In this notebook, I explored the use of a generative adversarial network (GAN) to generate synthetic images of plankton from the WHOI-plankton dataset. The synthetic images can be used to augment the training data for the rarer classes in the dataset. The GAN model was trained on a balanced subset of the WHOI-plankton dataset containing 22 classes and 6598 images. This dataset is called WHOI22. In addition, I used traditional image augmentation techniques to gradually replace the images of the WHOI22 dataset to evaluate the impace of image augmentation on transfer learning performance.

# Results

In [None]:
import os
import numpy as np
import matplotlib.pyplot as plt
import keras
from keras import layers
from keras import ops
import tensorflow as tf
import datetime
import pickle

## Image examples

Here are some examples of the images in the WHOI22 dataset:

In [None]:
image_size = (256, 256)
batch_size = 32
def load_data(batch_size=batch_size):
    train_data = keras.utils.image_dataset_from_directory("datasets/padded_training",
                                                            labels="inferred",
                                                            label_mode="categorical",
                                                            image_size=image_size,
                                                            batch_size=batch_size)
    test_data = keras.utils.image_dataset_from_directory("datasets/padded_testing",
                                                            labels="inferred",
                                                            label_mode="categorical",
                                                            image_size=image_size,
                                                            batch_size=batch_size)
    return train_data, test_data
train_data, test_data = load_data()
combined_data = train_data.concatenate(test_data)

In [None]:
plt.figure(figsize=(10, 10))
for images, labels in combined_data.take(1):
    for i in range(9):
        ax = plt.subplot(3, 3, i + 1)
        plt.imshow(np.array(images[i]).astype("uint8"))
        plt.title(combined_data.class_names[tf.argmax(labels[i])])
        plt.axis("off")

## Baseline Model

To benchmark the performance of training on the balanced WHOI22 dataset, I used a EfficientNetB7 model pre-trained on the "imagenet" dataset and performed transfer learning. Code is based on and inspired by the keras tutorial on transfer learning: https://keras.io/guides/transfer_learning/ 

In [None]:
from keras.applications.efficientnet import EfficientNetB7

base_model = EfficientNetB7(
    weights='imagenet',
    input_shape=image_size + (3,),
    include_top=False
)
base_model.trainable = False
inputs = keras.Input(shape=(256, 256, 3))

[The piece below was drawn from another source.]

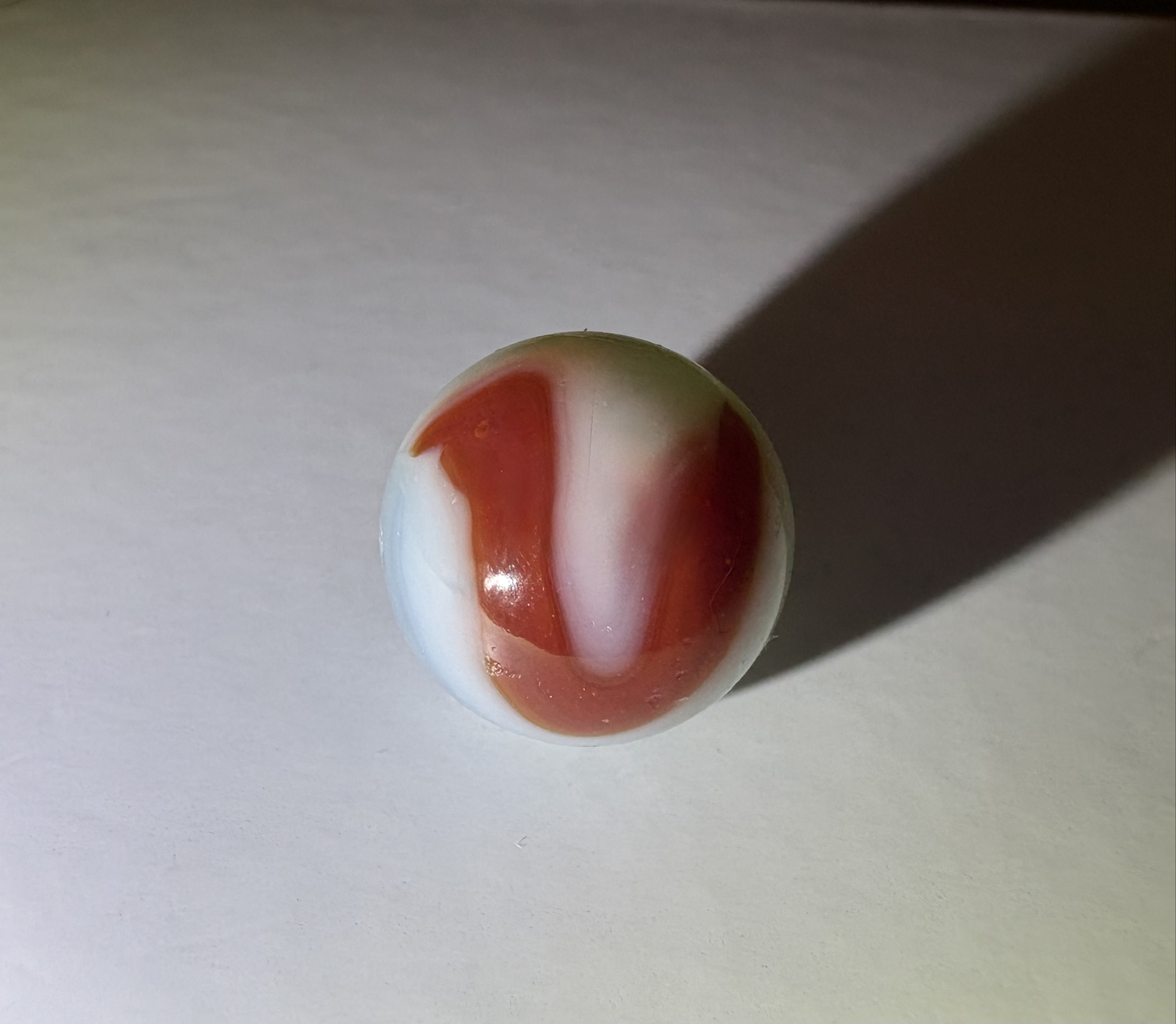 Red and Blue Conqueror by Vitro Agate Company, identification view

x = base_model(inputs, training=False)
# Convert features of shape `base_model.output_shape[1:]` to vectors
x = keras.layers.GlobalAveragePooling2D()(x)
outputs = keras.layers.Dense(22)(x)
model = keras.Model(inputs, outputs)
model.compile(optimizer=keras.optimizers.Adam(),
              loss=keras.losses.CategoricalCrossentropy(from_logits=True),
              metrics=[keras.metrics.CategoricalAccuracy()])
model.summary()

In [None]:
%%script false --no-raise-error
## Training the model

This baseline model achieved an overall accuracy of ***TBD***, with average precision of ***TBD*** and average recall of ***TBD***.

In [None]:
## Load saved model

## Load predictions

## Evaluate the model

## Image Augmentation

I created a function to augment a proportion of the images in the WHOI22 dataset and replace the original images with the augmented images. I evaluated the impact of image augmentation on the performance of the EfficientNetB7 model. Below is the code I used to create new augmented datasets, based on the keras tutorial (https://www.tensorflow.org/tutorials/images/data_augmentation). 

In [None]:
## Code to augment dataset 

In [None]:
# Display examples of augmented data

# Appendix of methods

## Data preprocessing

Images were downloaded from Olsen & Sosik 2007 (https://doi.org/10.4319/lom.2007.5.195) in tif format. I padded the images to a square aspect ratio with black pixels to 256x256 and saved as bmp. 

In [None]:
%%script false --no-raise-error
# Function that takes a tiff image and pads it to the desired size (square) and returns a numpy array
def pad_image(image, size):
    # load the image
    img = tif.imread(image)
    # get image dimensions
    x,y = img.shape
    # calculate the padding
    x_pad = size - x
    y_pad = size - y
    # check if padding is needed, if not, resize the image maintaining aspect ratio
    if x_pad < 0 or y_pad < 0:
        if x > y:
            new_x = size
            new_y = int(y * (size/x))
        else:
            new_y = size
            new_x = int(x * (size/y))
        img = np.array(Image.fromarray(img).resize((new_y, new_x)))
        x,y = img.shape
        x_pad = size - x
        y_pad = size - y
    # pad the image
    if x_pad > 0 or y_pad > 0:
        x_pad1, x_pad2 = x_pad//2, x_pad-x_pad//2
        y_pad1, y_pad2 = y_pad//2, y_pad-y_pad//2
        img = np.pad(img, ((x_pad1, x_pad2), (y_pad1, y_pad2)), 'constant')
    return img

# Function that takes a folder and pads each image in the folder. Inputs are the input path, output path.
def pad_folder(input_path, output_path, size):
    # make the output path
    os.makedirs(output_path, exist_ok=True)
    subfolders = [f.path for f in os.scandir(input_path) if f.is_dir()]
    for folder in subfolders:
        # use base folder name as class
        class_name = os.path.basename(folder)
        # make the output class folder
        os.makedirs(os.path.join(output_path, class_name), exist_ok=True)
        # get all the images in the folder
        images = [f.path for f in os.scandir(folder) if f.is_file()]
        for img in images:
            # input image path
            img_in_path = img
            # output image path
            img_out_path = os.path.join(output_path, class_name, os.path.basename(img))
            img_out_path = img_out_path.replace('.tif', '.bmp')
            # print statment
            print(f"Padding {img_in_path} to {img_out_path}")
            # pad the image and save it
            try:
                img_output = pad_image(image=img_in_path, size=size)
                # write img as bmp
                im = Image.fromarray(img_output)
                im.save(img_out_path)
            except Exception as e:
                print("failed to pad image", img_in_path, e)
pad_folder(input_path='datasets/testing', output_path="datasets/padded_testing", size=256)
pad_folder(input_path='datasets/training', output_path="datasets/padded_training", size=256)